Lo primero son los objetivos

¿Qué quieres lograr? ¿Cuánto dinero vas a necesitar? ¿Cuándo lo vas a lograr? Estas tres preguntas hacen la diferencia entre un soñador y una persona que efectivamente logra lo que se propone.

  • “Quiero comprar una casa”. Esto es un sueño.
  • “Quiero comparar un apartamento de 50 millones en 5 años”. Esto es un objetivo completo

Sé específico, realista y lo más claro que puedas.

Cómo Realizar una Planeación FinancieraAnaliza tu situación financiera actual

Cuando sabes con exactitud cuánto suman tus ingresos y gastos, podrás determinar qué parte destinarás al cumplimiento de tu objetivo. Lo puedes hacer mediante el ahorro o la inversión, según tus capacidades.

Recuerda que tus metas deben ser alcanzables. Si quieres una casa de 150 millones pero actualmente ganas el salario mínimo, entonces estás poniéndote una meta tan alta que probablemente te va a desanimar. En ese caso tu primero objetivo sería aumentar el nivel de tus ingresos.

Diseña un plan

Ya has definido lo que quieres y cuánto necesitas para conseguirlo, pero falta lo más importante: ¿Cómo piensas lograrlo?

Haz una lista de los medios a tu alcance como el ahorro mensual, la rentabilidad de tus inversiones, el crédito bancario, etc. Entre más recursos tengas mejor, de manera que si un banco te niega un préstamo puedes recurrir a otros medios. En otras palabras, ten un plan B.

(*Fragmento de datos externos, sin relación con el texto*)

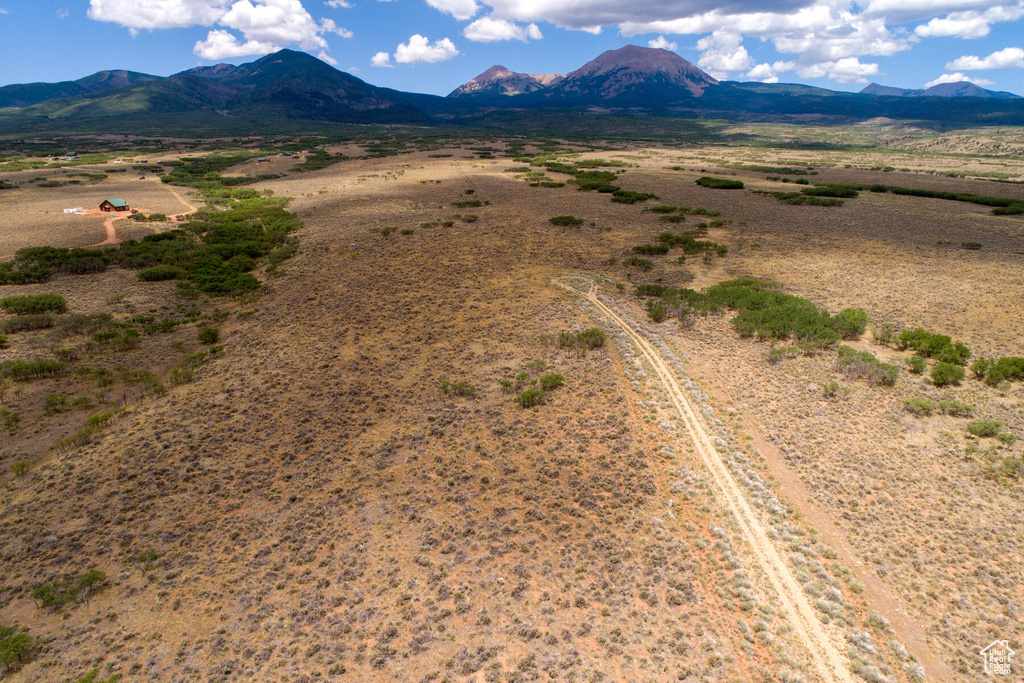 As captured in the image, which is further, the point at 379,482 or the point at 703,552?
the point at 379,482

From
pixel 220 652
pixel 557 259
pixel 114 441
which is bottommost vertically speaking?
pixel 220 652

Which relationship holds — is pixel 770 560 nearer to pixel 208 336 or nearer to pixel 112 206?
pixel 208 336

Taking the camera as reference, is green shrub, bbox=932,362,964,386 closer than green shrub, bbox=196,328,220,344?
Yes

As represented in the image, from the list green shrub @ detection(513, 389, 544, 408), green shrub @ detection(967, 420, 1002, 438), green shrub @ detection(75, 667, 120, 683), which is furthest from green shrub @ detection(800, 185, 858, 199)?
green shrub @ detection(75, 667, 120, 683)

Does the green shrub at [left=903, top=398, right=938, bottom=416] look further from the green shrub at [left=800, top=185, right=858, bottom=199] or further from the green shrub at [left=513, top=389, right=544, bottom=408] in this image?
the green shrub at [left=800, top=185, right=858, bottom=199]

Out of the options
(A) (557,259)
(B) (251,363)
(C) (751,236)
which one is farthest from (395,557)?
(C) (751,236)

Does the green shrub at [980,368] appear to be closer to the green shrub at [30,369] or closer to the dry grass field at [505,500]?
the dry grass field at [505,500]

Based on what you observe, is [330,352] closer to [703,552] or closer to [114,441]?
[114,441] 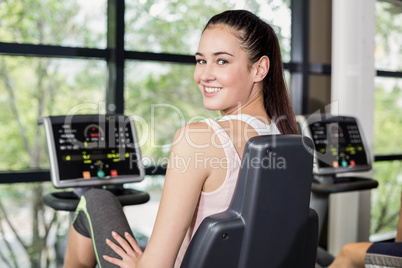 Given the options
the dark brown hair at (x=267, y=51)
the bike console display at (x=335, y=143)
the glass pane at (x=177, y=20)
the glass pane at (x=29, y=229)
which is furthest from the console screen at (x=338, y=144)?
the glass pane at (x=29, y=229)

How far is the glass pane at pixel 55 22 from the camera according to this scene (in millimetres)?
2799

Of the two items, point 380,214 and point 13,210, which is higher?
point 13,210

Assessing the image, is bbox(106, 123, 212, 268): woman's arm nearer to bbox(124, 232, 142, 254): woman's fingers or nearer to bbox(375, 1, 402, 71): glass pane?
bbox(124, 232, 142, 254): woman's fingers

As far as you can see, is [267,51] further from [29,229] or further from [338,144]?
[29,229]

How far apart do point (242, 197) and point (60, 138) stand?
114 cm

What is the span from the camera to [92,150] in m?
2.05

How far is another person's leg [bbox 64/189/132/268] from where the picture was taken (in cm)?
139

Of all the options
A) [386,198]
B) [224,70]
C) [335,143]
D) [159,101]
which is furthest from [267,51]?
[386,198]

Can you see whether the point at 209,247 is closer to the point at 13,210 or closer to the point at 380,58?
the point at 13,210

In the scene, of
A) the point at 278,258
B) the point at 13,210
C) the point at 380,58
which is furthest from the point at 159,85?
the point at 278,258

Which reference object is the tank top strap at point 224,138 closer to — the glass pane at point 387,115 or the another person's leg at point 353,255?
the another person's leg at point 353,255

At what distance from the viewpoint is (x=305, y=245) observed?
4.24 feet

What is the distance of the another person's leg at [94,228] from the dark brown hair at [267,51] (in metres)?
0.57

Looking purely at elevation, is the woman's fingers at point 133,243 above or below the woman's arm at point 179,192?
below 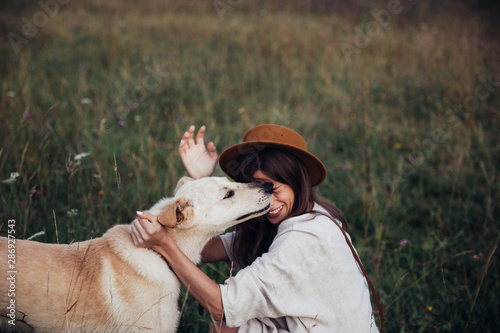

El otro componente de tu plan son las fechas. Escribe todos los pasos que tienes que dar para cumplir metas específicas. Supongamos que quieres invertir, entonces debes incluir el mes en que vas a tomar tu capacitación, la fecha límite para reunir el monto que deseas colocar en la bolsa, el período de búsqueda de una casa comisionista, etc.

Te recomiendo que lo hagas por escrito. Personalmente lo he hecho y no sólo logro lo que deseo, sino que   generalmente ocurre meses antes de lo que tenía previsto. Esto ocurre por varias razones:

  • Estableces un compromiso cuando pones por escrito un plan.
  • Te ayuda a mantenerte sintonizado con tus deseos. Tu mente se ocupa de que cada cosa que hagas esté encaminada hacia tu meta.
  • Te recordará todo lo relacionado con tu proyecto: los pasos que tienes pendientes, las personas a las que tienes que contactar, etc.

Espero que pronto estés enmarcado en un plan que te lleve al éxito financiero. No importa si aún no cuentas con las habilidades propias de un inversionista o dueño de un negocio, el hecho comprobado es que las puedes desarrollar en un período muy reducido de tiempo.